- WORK INSTRUCTION:
Look through the listing below for the line with "Il Cocco Gelato" and the line with "from 10/26/25, 08:04". Copy both, along with every line between them, exactly and with no pictures.

- DATA RECORDS:
-=-=-

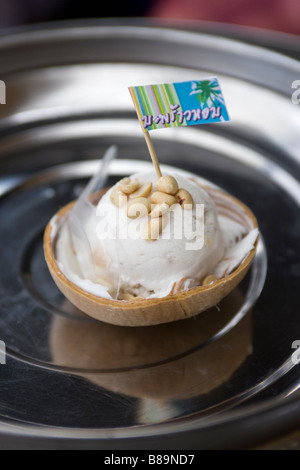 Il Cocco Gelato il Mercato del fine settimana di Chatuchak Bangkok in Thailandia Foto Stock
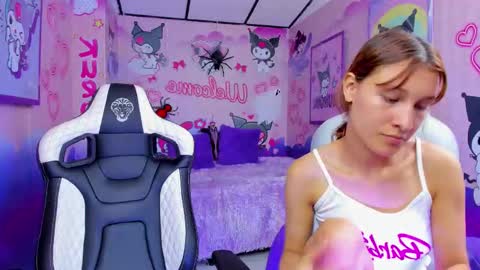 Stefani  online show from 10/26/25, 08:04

-=-=-

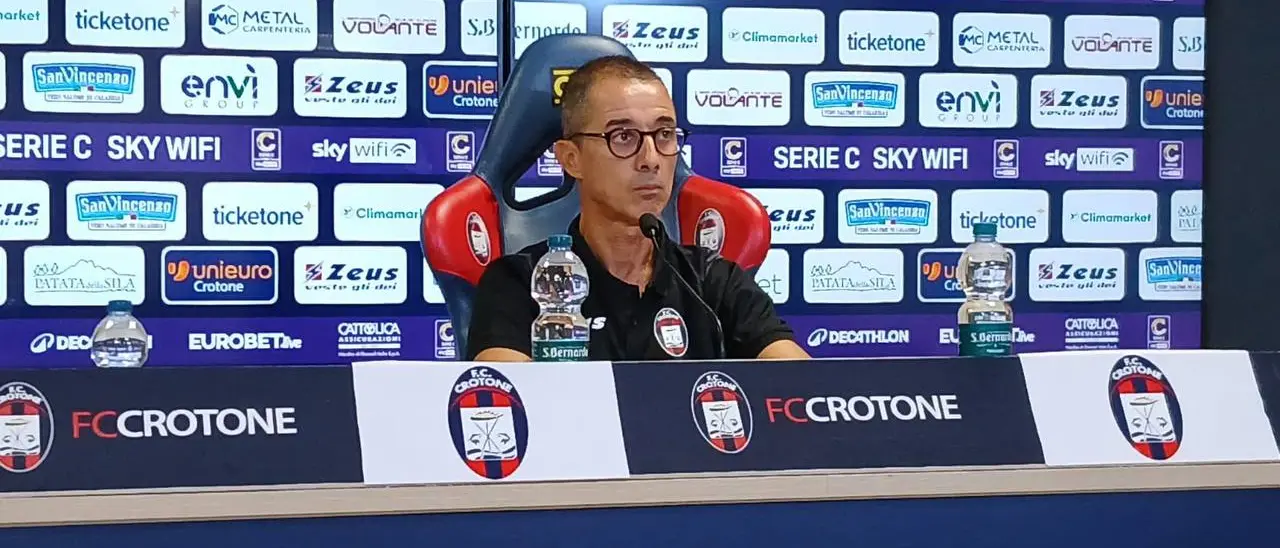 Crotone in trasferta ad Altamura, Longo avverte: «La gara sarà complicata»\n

-=-=-

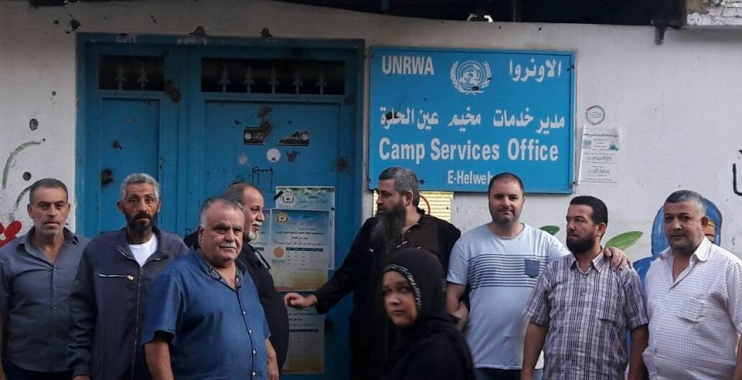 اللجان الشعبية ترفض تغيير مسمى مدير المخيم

-=-=-

- OUTPUT FOR THIS EXERCISE:
 Il Cocco Gelato il Mercato del fine settimana di Chatuchak Bangkok in Thailandia Foto Stock
 Stefani  online show from 10/26/25, 08:04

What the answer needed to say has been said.